Work request »
Would you please output all the records exactly as given? Pictures should not appear in the copy.

Given information »

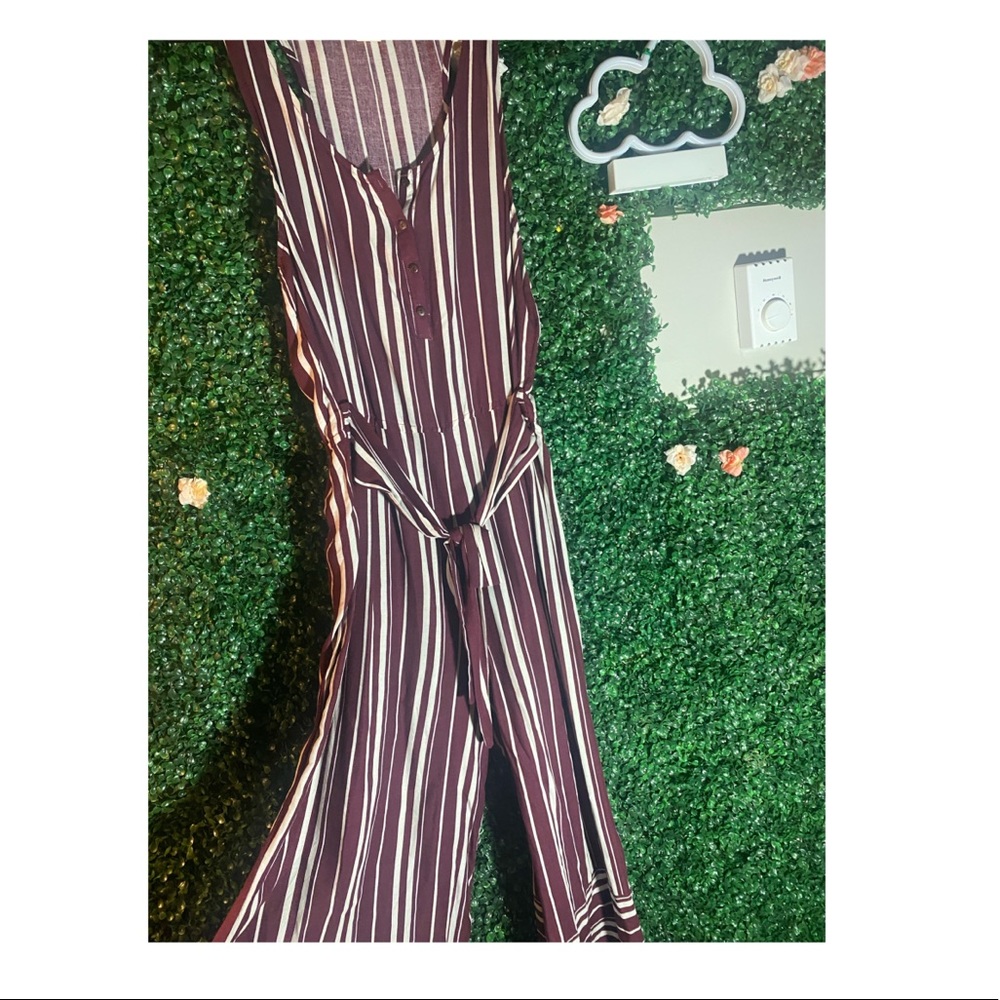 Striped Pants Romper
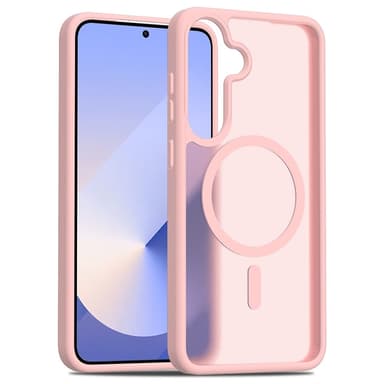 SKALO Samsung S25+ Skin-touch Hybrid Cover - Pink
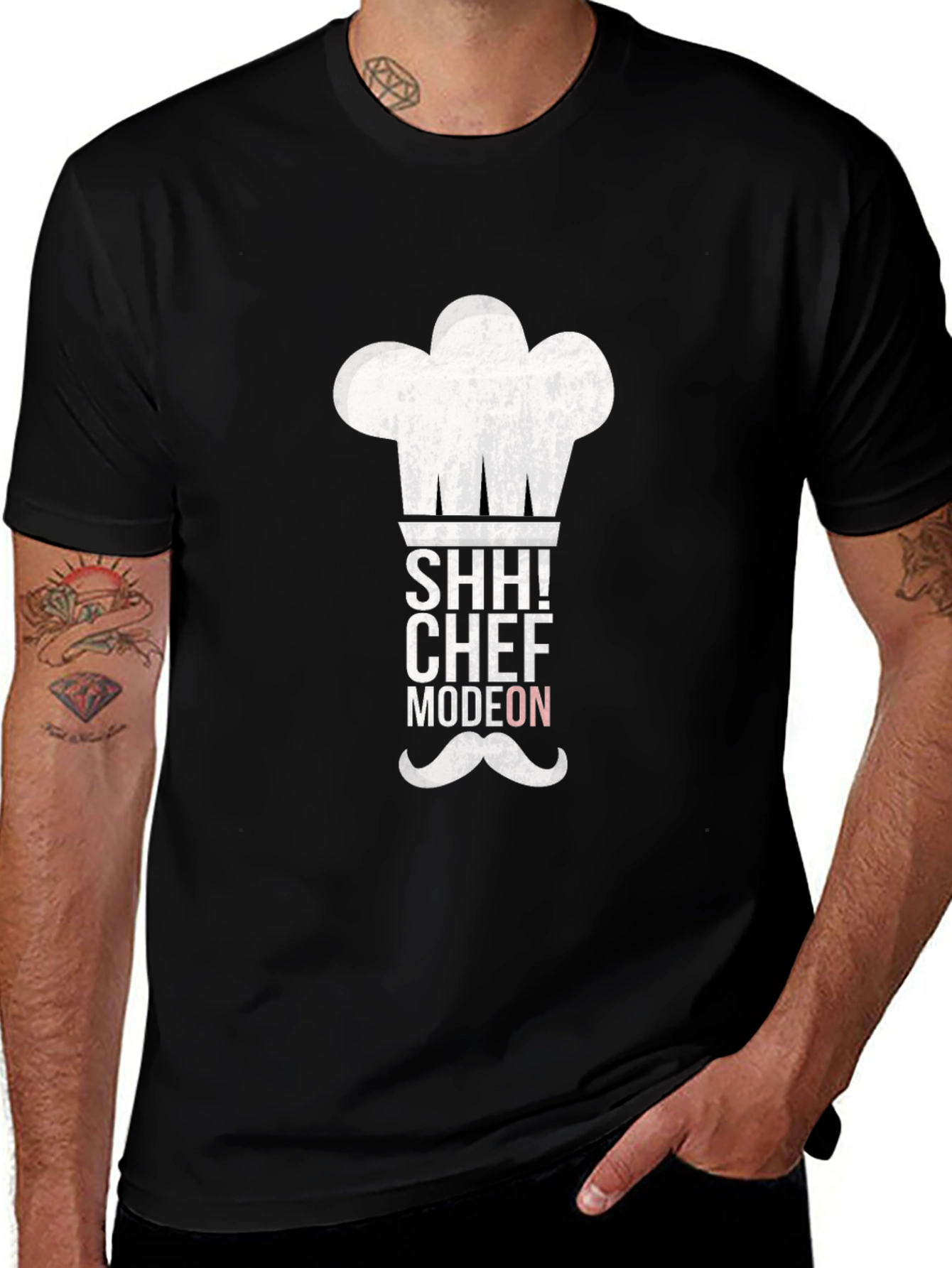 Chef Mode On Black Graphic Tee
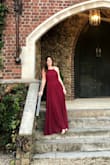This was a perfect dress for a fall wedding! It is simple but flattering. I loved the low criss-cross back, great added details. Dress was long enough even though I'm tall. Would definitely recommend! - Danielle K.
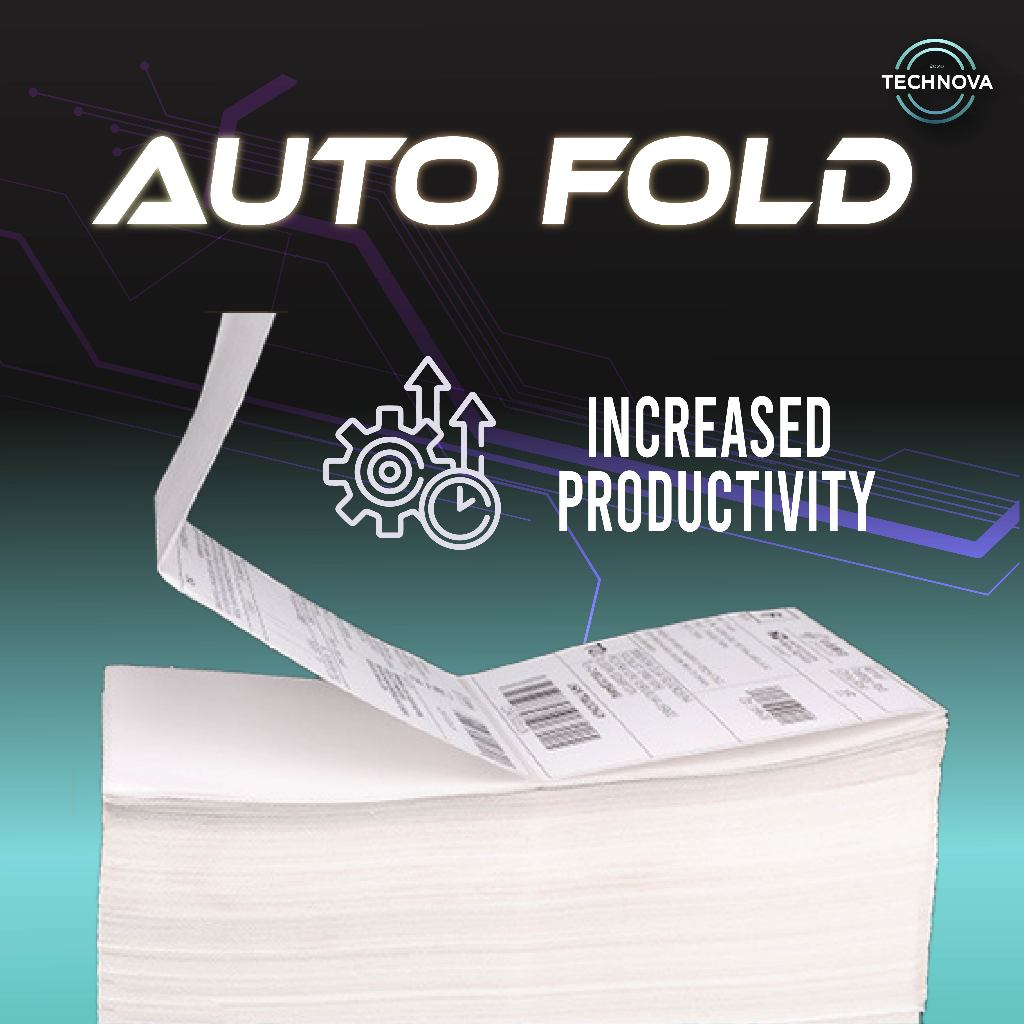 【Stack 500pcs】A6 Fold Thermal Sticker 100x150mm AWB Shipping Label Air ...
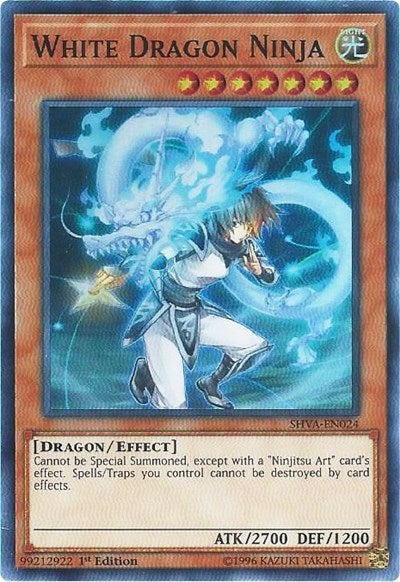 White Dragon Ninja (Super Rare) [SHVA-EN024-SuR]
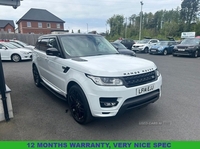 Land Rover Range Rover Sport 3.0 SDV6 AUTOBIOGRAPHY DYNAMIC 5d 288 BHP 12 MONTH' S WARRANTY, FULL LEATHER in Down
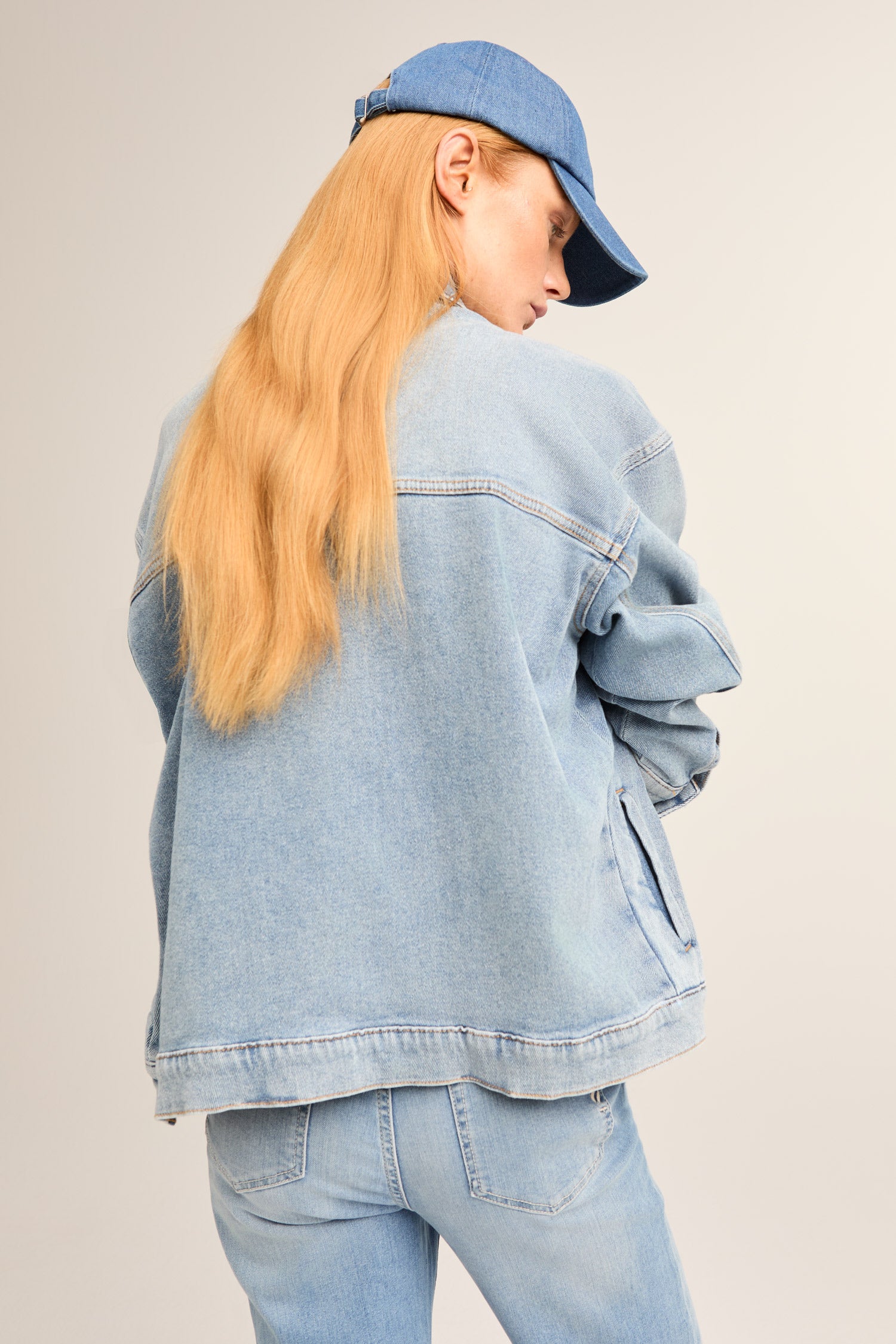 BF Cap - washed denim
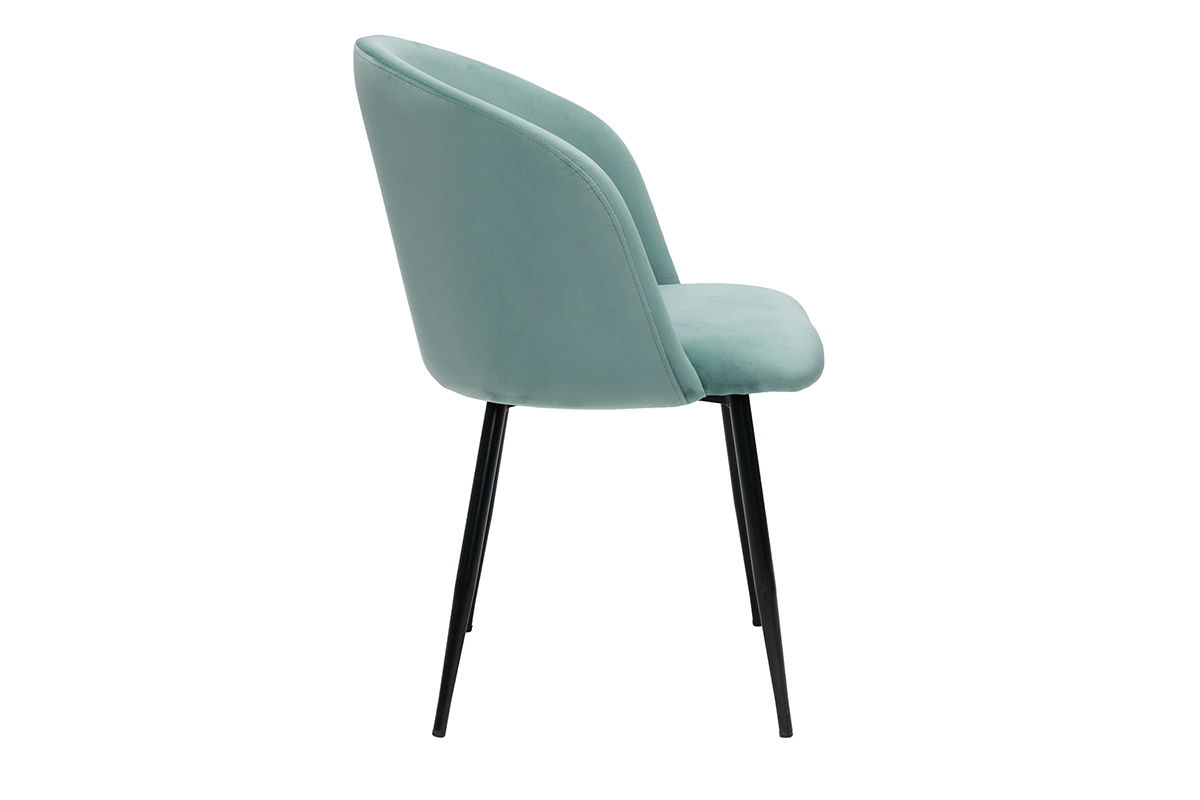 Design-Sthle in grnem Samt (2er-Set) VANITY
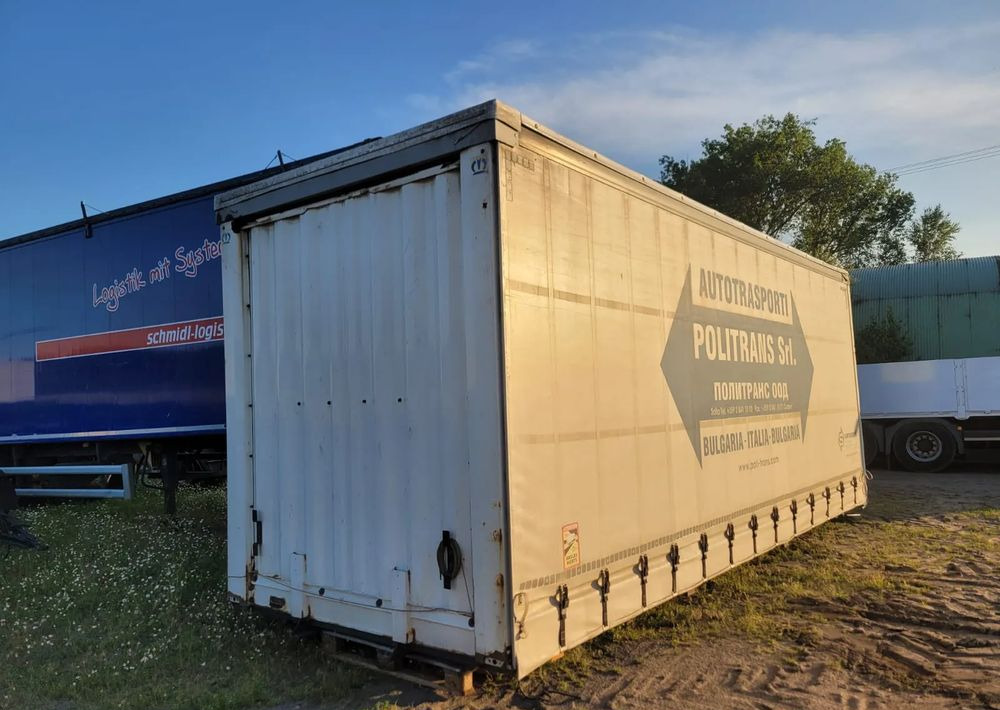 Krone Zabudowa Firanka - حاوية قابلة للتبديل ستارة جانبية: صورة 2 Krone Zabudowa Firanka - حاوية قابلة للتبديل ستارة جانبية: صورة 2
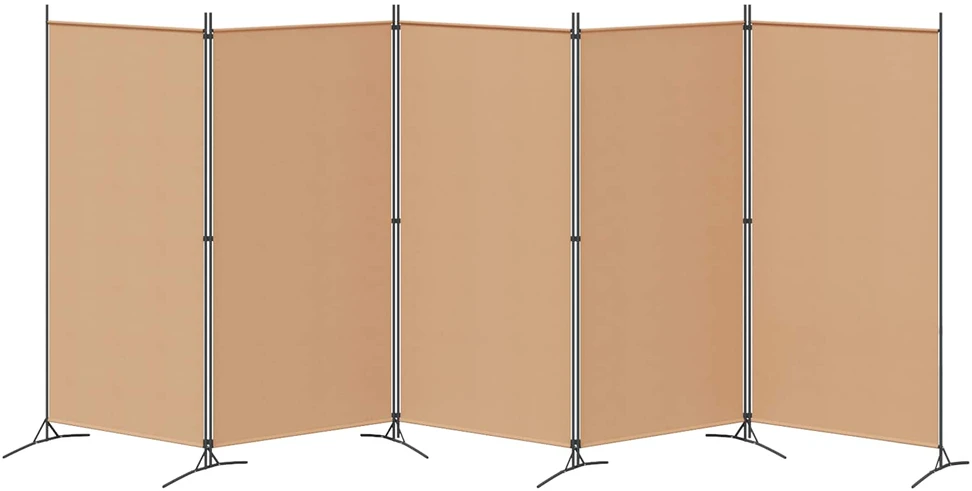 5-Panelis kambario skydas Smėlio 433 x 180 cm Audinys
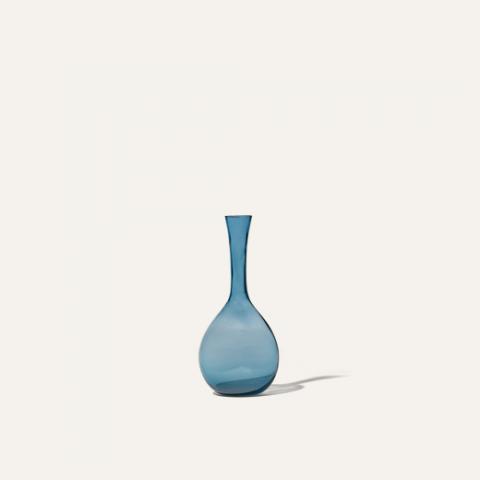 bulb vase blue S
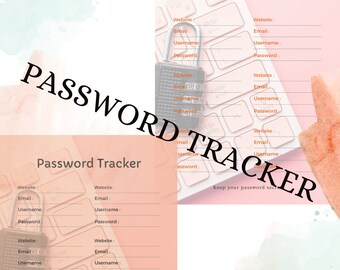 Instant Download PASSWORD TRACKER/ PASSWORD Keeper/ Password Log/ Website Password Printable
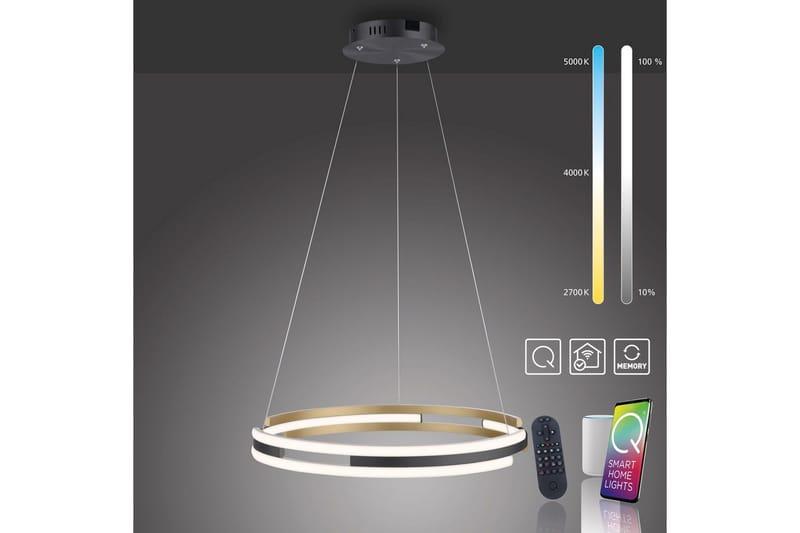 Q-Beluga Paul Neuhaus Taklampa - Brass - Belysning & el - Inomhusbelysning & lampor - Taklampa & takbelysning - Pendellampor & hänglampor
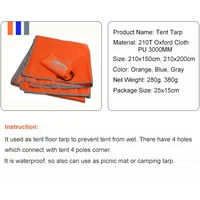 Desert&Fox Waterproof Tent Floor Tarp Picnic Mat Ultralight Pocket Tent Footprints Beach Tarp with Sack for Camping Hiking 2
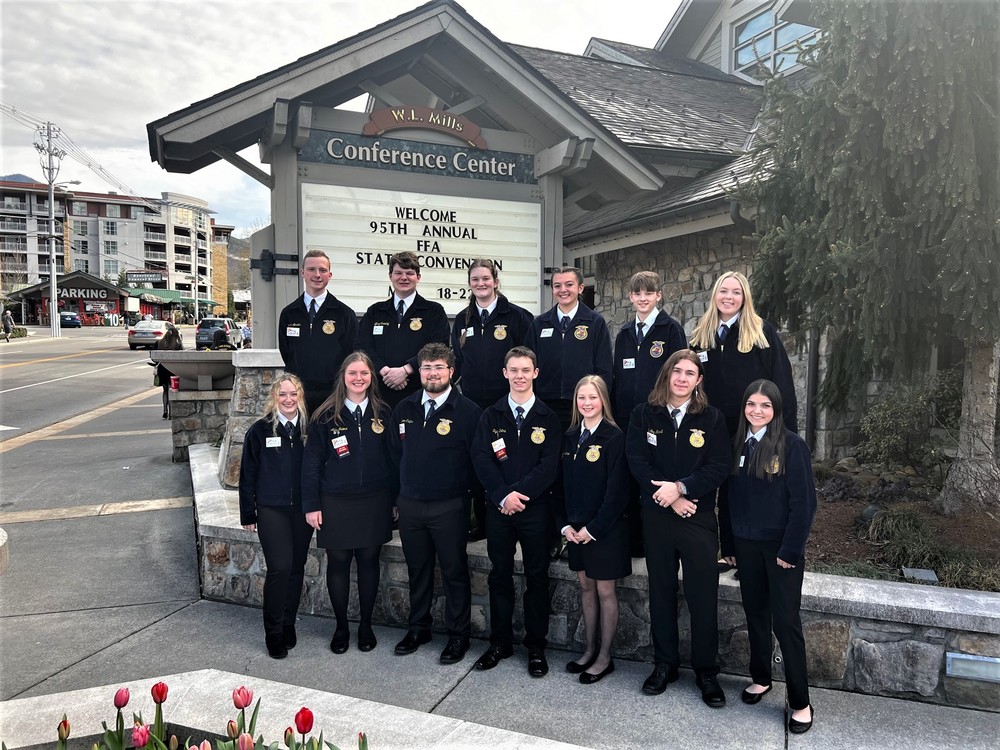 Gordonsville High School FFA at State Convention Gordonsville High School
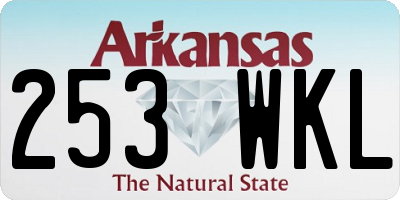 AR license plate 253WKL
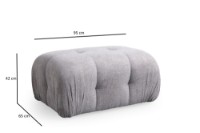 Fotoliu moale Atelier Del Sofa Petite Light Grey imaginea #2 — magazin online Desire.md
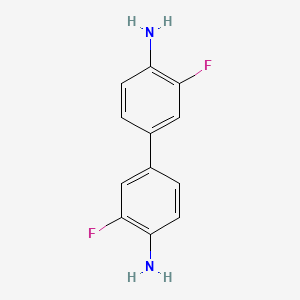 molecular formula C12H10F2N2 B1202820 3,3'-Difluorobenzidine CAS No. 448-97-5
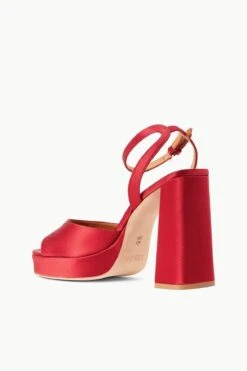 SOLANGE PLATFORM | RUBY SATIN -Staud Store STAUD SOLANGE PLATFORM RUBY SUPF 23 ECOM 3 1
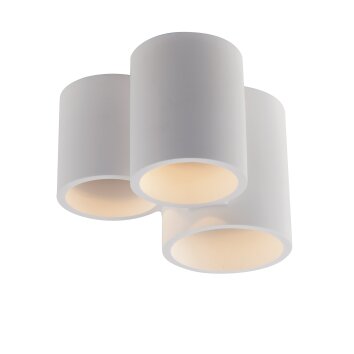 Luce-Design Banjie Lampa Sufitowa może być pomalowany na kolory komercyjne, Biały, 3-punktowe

Exercise solution »
 Striped Pants Romper
 SKALO Samsung S25+ Skin-touch Hybrid Cover - Pink
 Chef Mode On Black Graphic Tee
This was a perfect dress for a fall wedding! It is simple but flattering. I loved the low criss-cross back, great added details. Dress was long enough even though I'm tall. Would definitely recommend! - Danielle K.
 【Stack 500pcs】A6 Fold Thermal Sticker 100x150mm AWB Shipping Label Air ...
 White Dragon Ninja (Super Rare) [SHVA-EN024-SuR]
 Land Rover Range Rover Sport 3.0 SDV6 AUTOBIOGRAPHY DYNAMIC 5d 288 BHP 12 MONTH' S WARRANTY, FULL LEATHER in Down
 BF Cap - washed denim
 Design-Sthle in grnem Samt (2er-Set) VANITY
 Krone Zabudowa Firanka - حاوية قابلة للتبديل ستارة جانبية: صورة 2 Krone Zabudowa Firanka - حاوية قابلة للتبديل ستارة جانبية: صورة 2
 5-Panelis kambario skydas Smėlio 433 x 180 cm Audinys
 bulb vase blue S
 Instant Download PASSWORD TRACKER/ PASSWORD Keeper/ Password Log/ Website Password Printable
 Q-Beluga Paul Neuhaus Taklampa - Brass - Belysning & el - Inomhusbelysning & lampor - Taklampa & takbelysning - Pendellampor & hänglampor
 Desert&Fox Waterproof Tent Floor Tarp Picnic Mat Ultralight Pocket Tent Footprints Beach Tarp with Sack for Camping Hiking 2
 Gordonsville High School FFA at State Convention Gordonsville High School
 AR license plate 253WKL
 Fotoliu moale Atelier Del Sofa Petite Light Grey imaginea #2 — magazin online Desire.md
 molecular formula C12H10F2N2 B1202820 3,3'-Difluorobenzidine CAS No. 448-97-5
 SOLANGE PLATFORM | RUBY SATIN -Staud Store STAUD SOLANGE PLATFORM RUBY SUPF 23 ECOM 3 1
 Luce-Design Banjie Lampa Sufitowa może być pomalowany na kolory komercyjne, Biały, 3-punktowe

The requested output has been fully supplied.